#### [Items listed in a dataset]
---

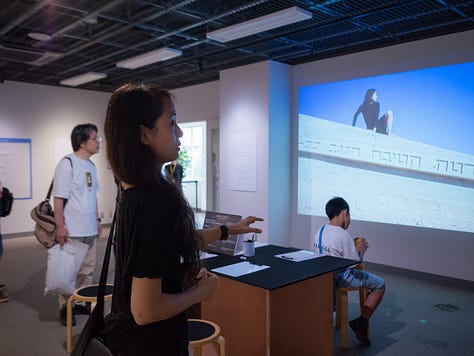 6月14日に開催したギャラリーツアー＆座談会の様子＝2025年6月、愛媛大学城北キャンパス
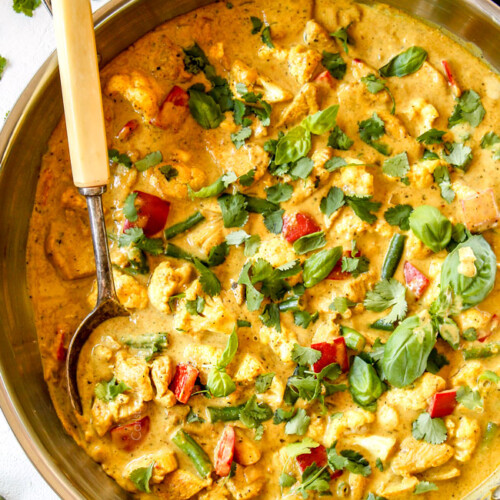 https://carlsbadcravings.com/wp-content/uploads/2019/03/Coconut-Curry-Chicken-4-500x500.jpg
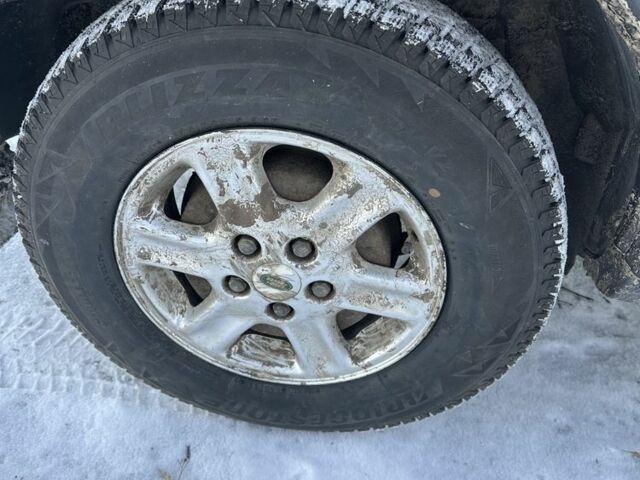 Сірий Ленд Ровер Freelander, об'ємом двигуна 2 л та пробігом 392 тис. км за 3200 $, фото 6 на Automoto.ua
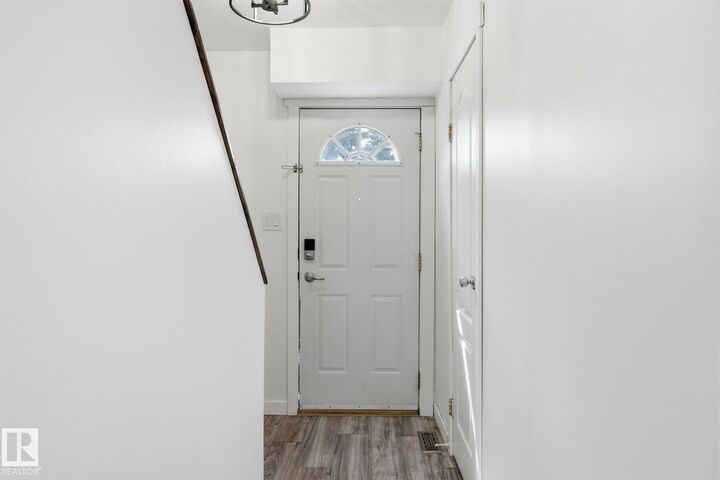 Property Photo:  234 Dickinsfield Court NW  AB T5E 5V8 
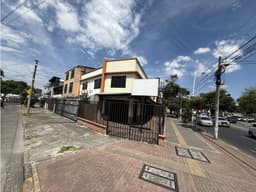 LOCALES / OFICINAS / COMERCIAL EN SAN FERNANDO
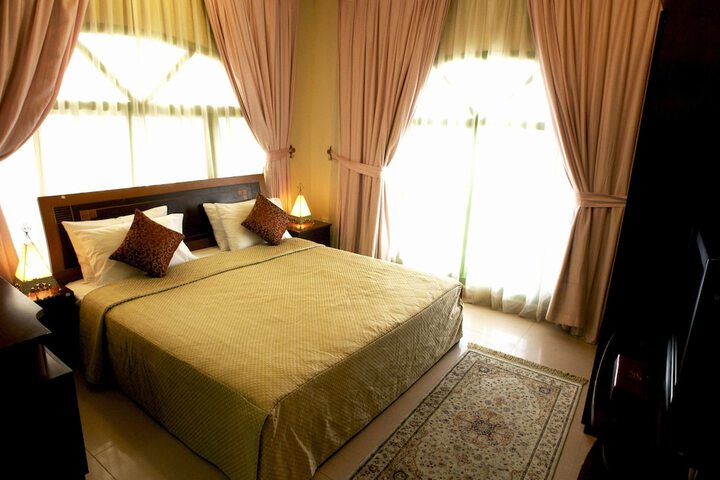 Room 10 of 45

---

#### [PROMPT]
Would you mind repeating the records above exactly, without the pictures?

#### [RESPONSE AREA]
 6月14日に開催したギャラリーツアー＆座談会の様子＝2025年6月、愛媛大学城北キャンパス
 https://carlsbadcravings.com/wp-content/uploads/2019/03/Coconut-Curry-Chicken-4-500x500.jpg
 Сірий Ленд Ровер Freelander, об'ємом двигуна 2 л та пробігом 392 тис. км за 3200 $, фото 6 на Automoto.ua
 Property Photo:  234 Dickinsfield Court NW  AB T5E 5V8 
 LOCALES / OFICINAS / COMERCIAL EN SAN FERNANDO
 Room 10 of 45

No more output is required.